The events center, owned by the city, has bled money for the last several years. Before the city contracted management to Spectra, a Philadelphia venue manager, in 2015, the center was losing about $1 million each year, according to the company. In the last three years under manager Tim Savona, the center has improved its budget by around $300,000 each year. In the year that ended Sept. 30, it reported a profit of $185,768.
“Since Spectra took over, they’ve been a lot more aggressive and done a good job,” said Councilman Rick Hogaboam in a phone interview Friday.
But the city isn’t free of the tax burden yet. Savona asked the council for $1 million in the year that began Oct. 1 to fund renovations and capital improvements, Hogaboam said. But the Council only ended up funding $225,000 of that request.
The newfound profits will go toward renovations too, which could benefit people who attend events and help attract even more events, Hogaboam said. He pointed to the outdoor amphitheater as one area that could be used more often with additional upgrades.
Reduced city subsidies free taxpayer money for other purposes in the growing city, whose problems include a shortage of police officers and an outdated sewage-treatment plant.

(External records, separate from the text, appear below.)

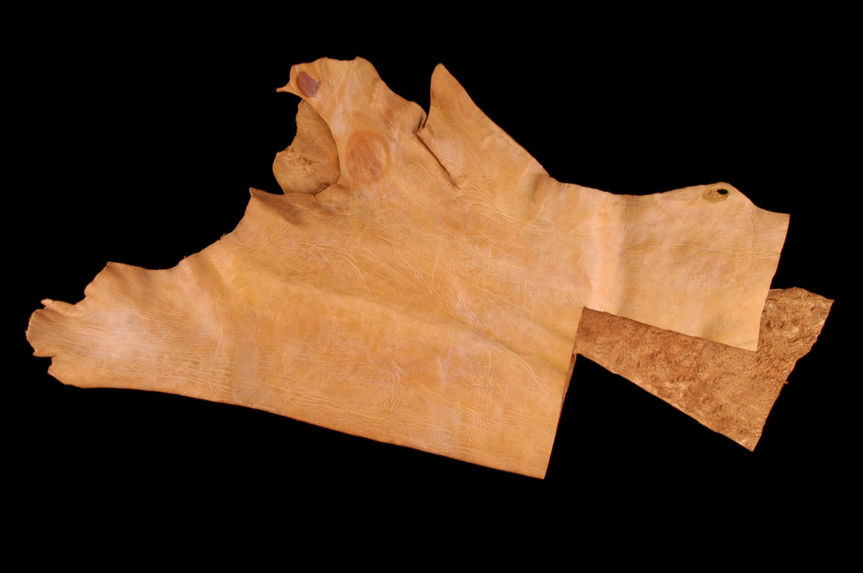 Matériel de maroquinier : fragment de cuir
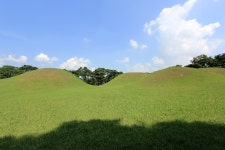 국가유산채널 > 참여 > 자료실 > 이야기 자료 > 상세보기: 신라의 왕릉 경주 오릉[ 慶州 五陵] - 사적 제172호 국가유산채널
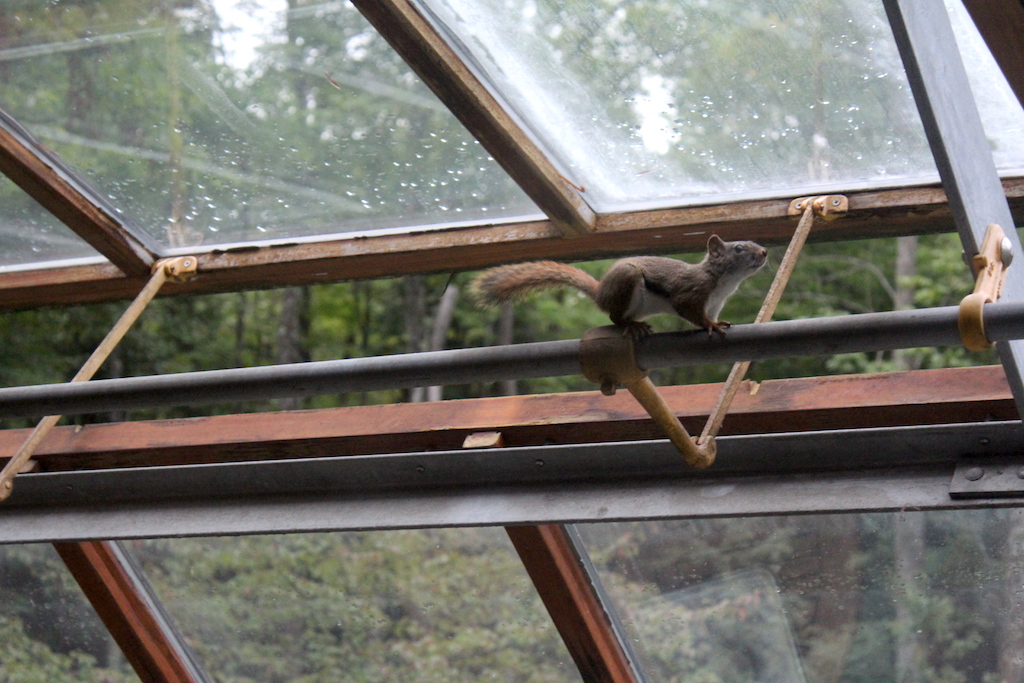 Squirrel in our Greenhouse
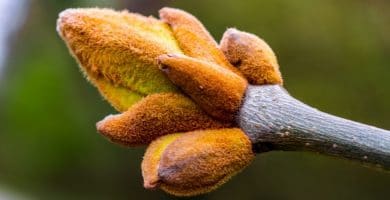 Flor de Bach Chestnut Bud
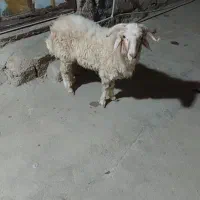 بره همون گوسفند بزرگ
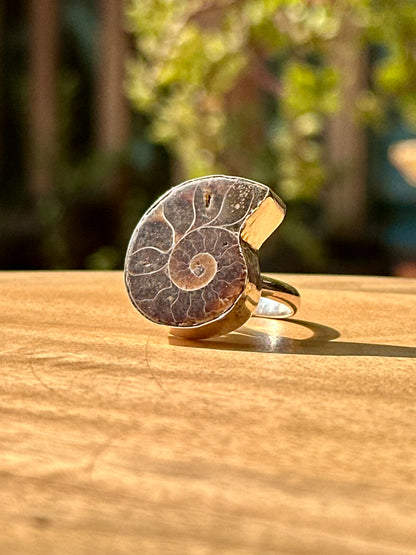 Anillo ajustable de Amonite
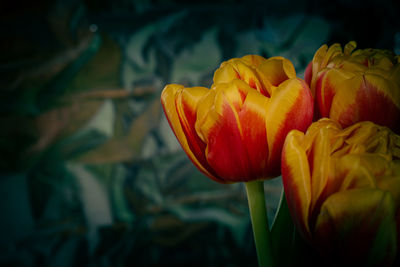 Close-up of yellow rose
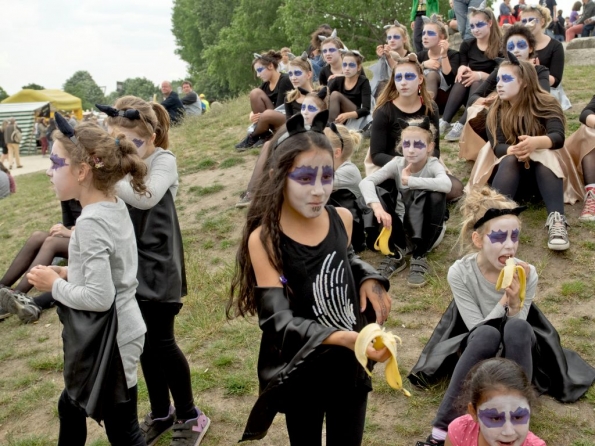 OLYMPUS DIGITAL CAMERA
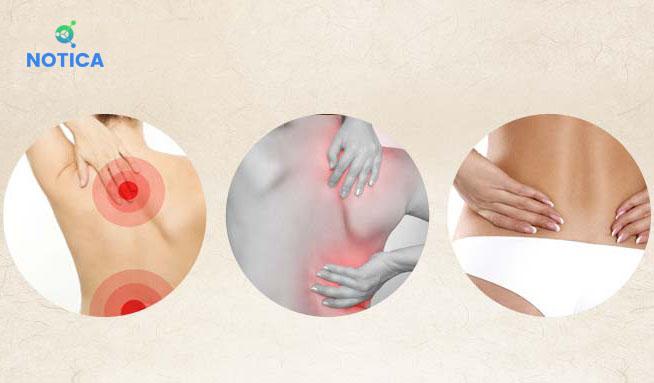 BÙN CỨU DƯỠNG SINH GIẢM BÉO(loại 1kg)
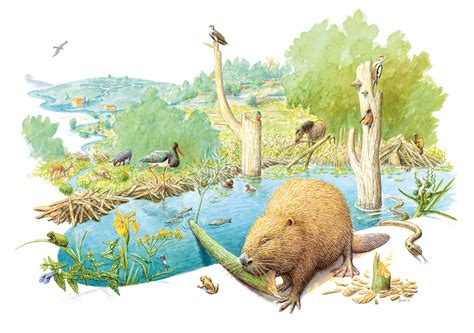 Illustratie van een bever in zijn natuurlijke habitat in de Biesbosch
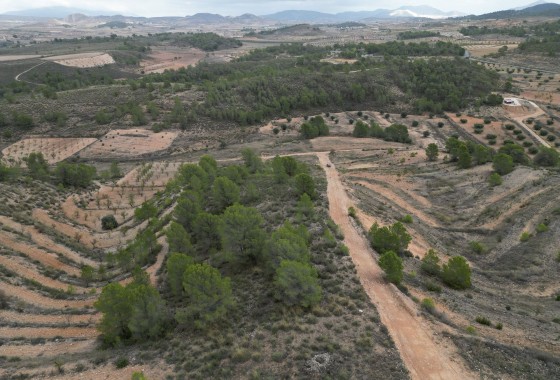 Resale - Plot / Land -
La Zarza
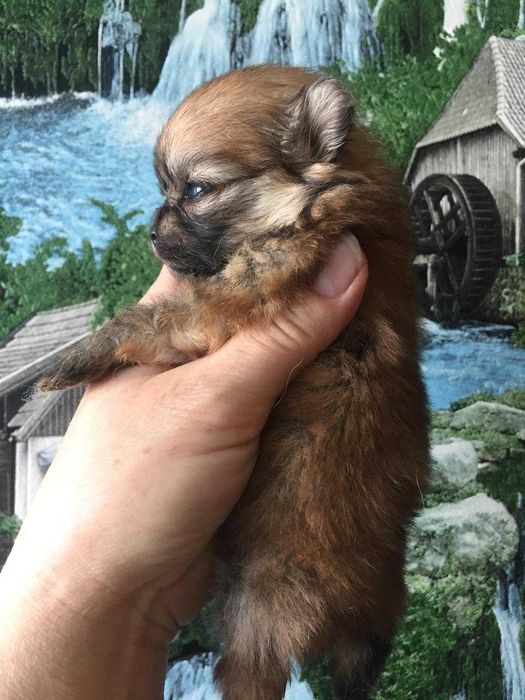 щенки шпица разного окраса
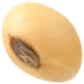 Seed Image
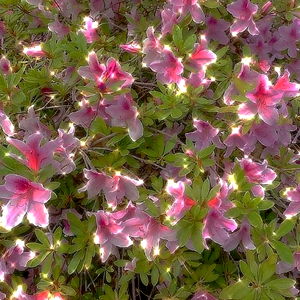 amethyst ๐ช๐ โก ๐ช๐ photo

In the 2018 fiscal year, the Idaho Center hosted 186 events, covering 277 days, Savona told the Statesman on Thursday. The events range from gun and trade shows to high school graduations.

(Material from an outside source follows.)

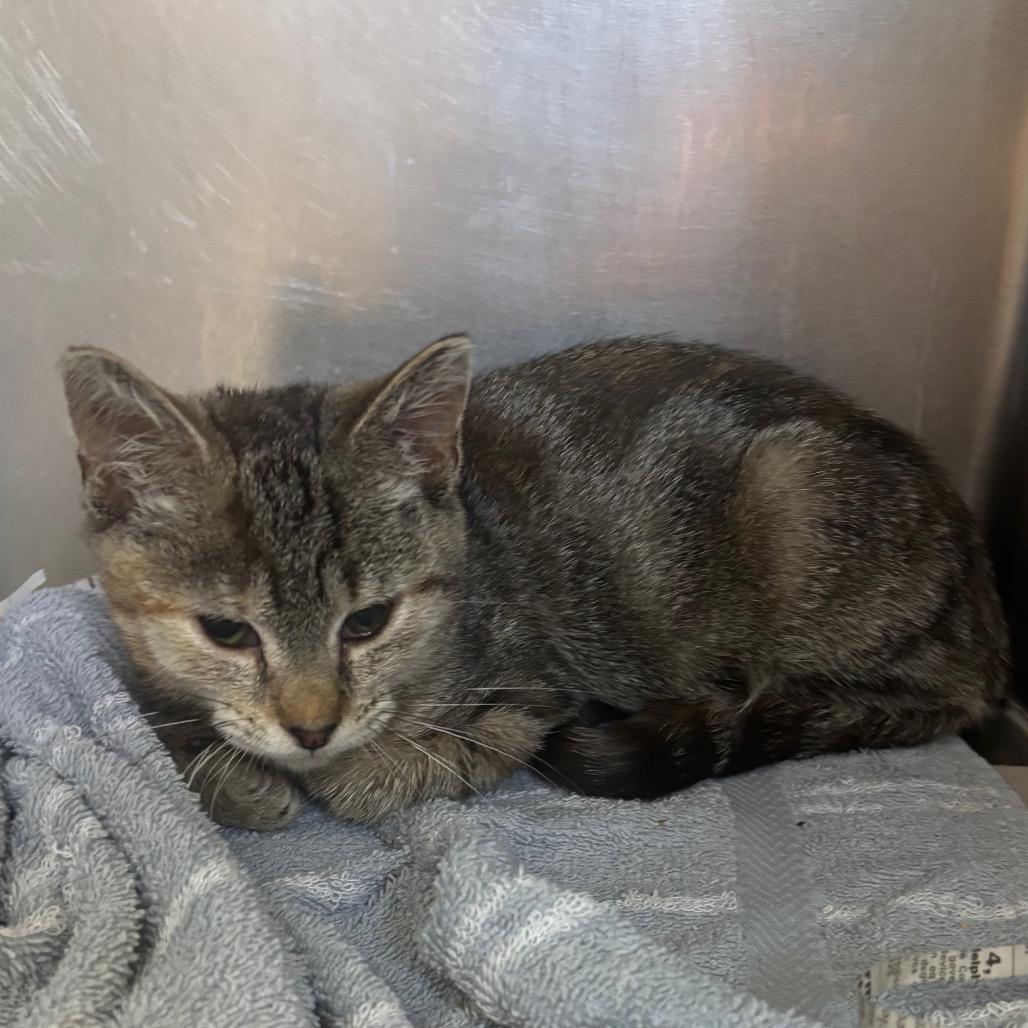Enlarge Bonnie, a Adoptable Domestic Short Hair in Philadelphia, PA image 2/3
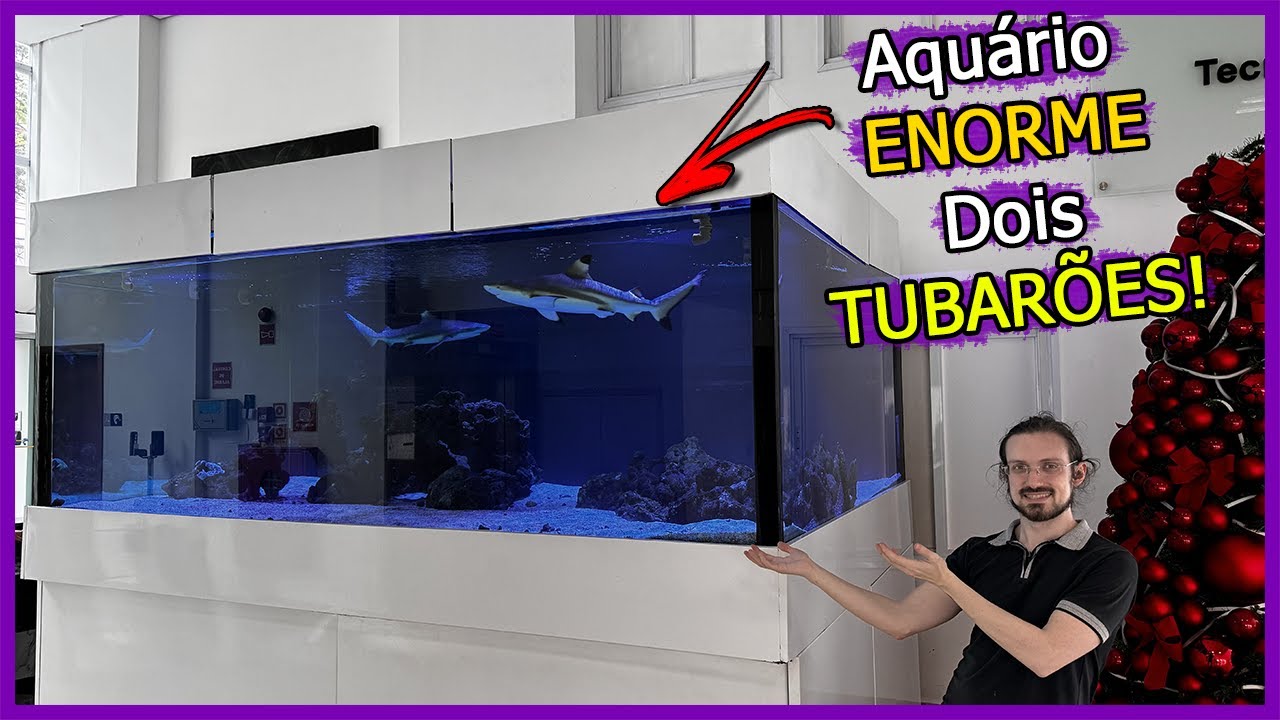 Visitei um Aquário Enorme com DOIS TUBARÕES e MOREIA!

Spectra has also sold more sponsorships within the center. Evidence of that is displayed on the walls of the Idaho Center, which are rife with colorful posters displaying Idaho companies.
The horse park controversy
Certain parts of the park bring in more revenue than others. Nearly half of the Idaho Center’s revenue comes from the indoor arena. The horse park generates one fifth of the revenue, and the amphitheater one tenth.
The horse park has a strong and vocal constituency, but Savona said it has the center’s highest operating expenses. Hogaboam and others have previously called on the horse community to do more to ease the center’s drain on taxpayers.
The conflicting views around the center’s future were brought to a head last year, when Nampa considered selling some of the land its owns near the horse park. But organizers and supporters of the Snake River Stampede and other horse events said they may need that land for future events. The City Council decided in January to keep the land.
Despite the center’s improving finances, Mayor Debbie Kling this year reconvened a committee on the city’s event venues that will work to identify the best uses for the entire Idaho Center campus, Hogaboam said.
“We have to weigh what brings in the most money to what events add cultural value,” he added.
Beth Ineck, Nampa’s economic development director, told The Statesman in February that the city had never expected the Idaho Center to generate a big profit. Budget deficits are common among government-owned venues, she said.
Savona said he expects strong performance this fiscal year.
“Until we are booked 365 days a year, we have more work to do,” he said.
This story has been corrected. An earlier version included an incorrect dollar amount for the fiscal 2019 subsidy request that Spectra asked of Nampa.